- DATA BELOW
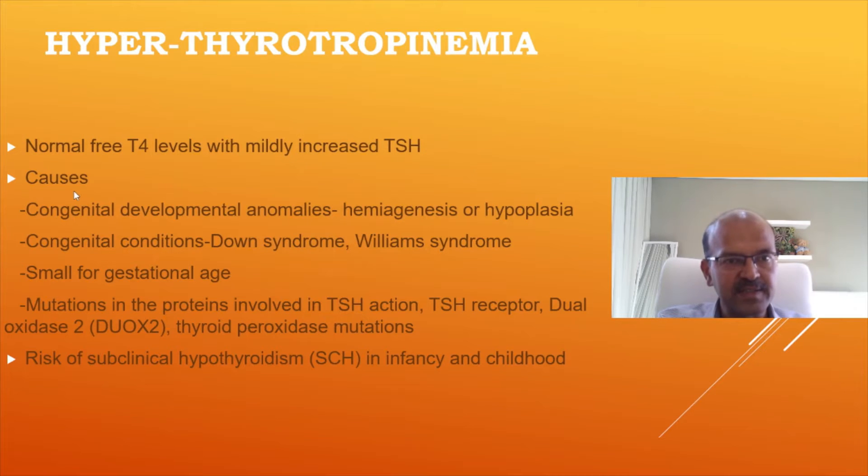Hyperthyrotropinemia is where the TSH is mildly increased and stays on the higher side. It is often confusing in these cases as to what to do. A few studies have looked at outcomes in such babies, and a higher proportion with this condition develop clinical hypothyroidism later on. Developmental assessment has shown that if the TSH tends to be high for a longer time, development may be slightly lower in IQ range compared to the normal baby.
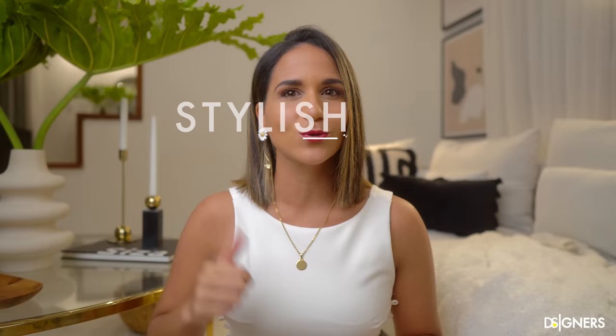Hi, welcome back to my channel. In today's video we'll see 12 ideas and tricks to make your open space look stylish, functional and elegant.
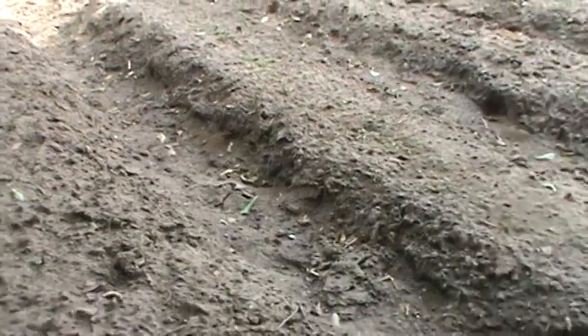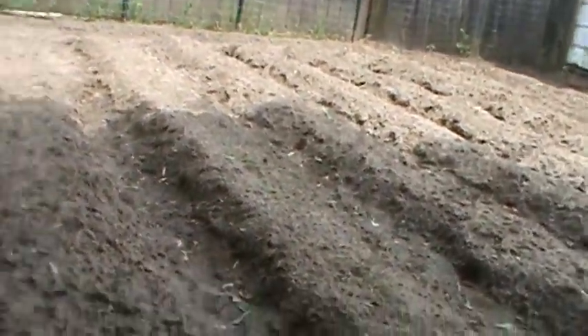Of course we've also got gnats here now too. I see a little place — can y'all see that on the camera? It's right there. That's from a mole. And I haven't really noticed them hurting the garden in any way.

- EXERCISE DETAILS
Would you repeat the material exactly, keeping out any pictures?

- TASK OUTPUT
Hyperthyrotropinemia is where the TSH is mildly increased and stays on the higher side. It is often confusing in these cases as to what to do. A few studies have looked at outcomes in such babies, and a higher proportion with this condition develop clinical hypothyroidism later on. Developmental assessment has shown that if the TSH tends to be high for a longer time, development may be slightly lower in IQ range compared to the normal baby.
Hi, welcome back to my channel. In today's video we'll see 12 ideas and tricks to make your open space look stylish, functional and elegant.
Of course we've also got gnats here now too. I see a little place — can y'all see that on the camera? It's right there. That's from a mole. And I haven't really noticed them hurting the garden in any way.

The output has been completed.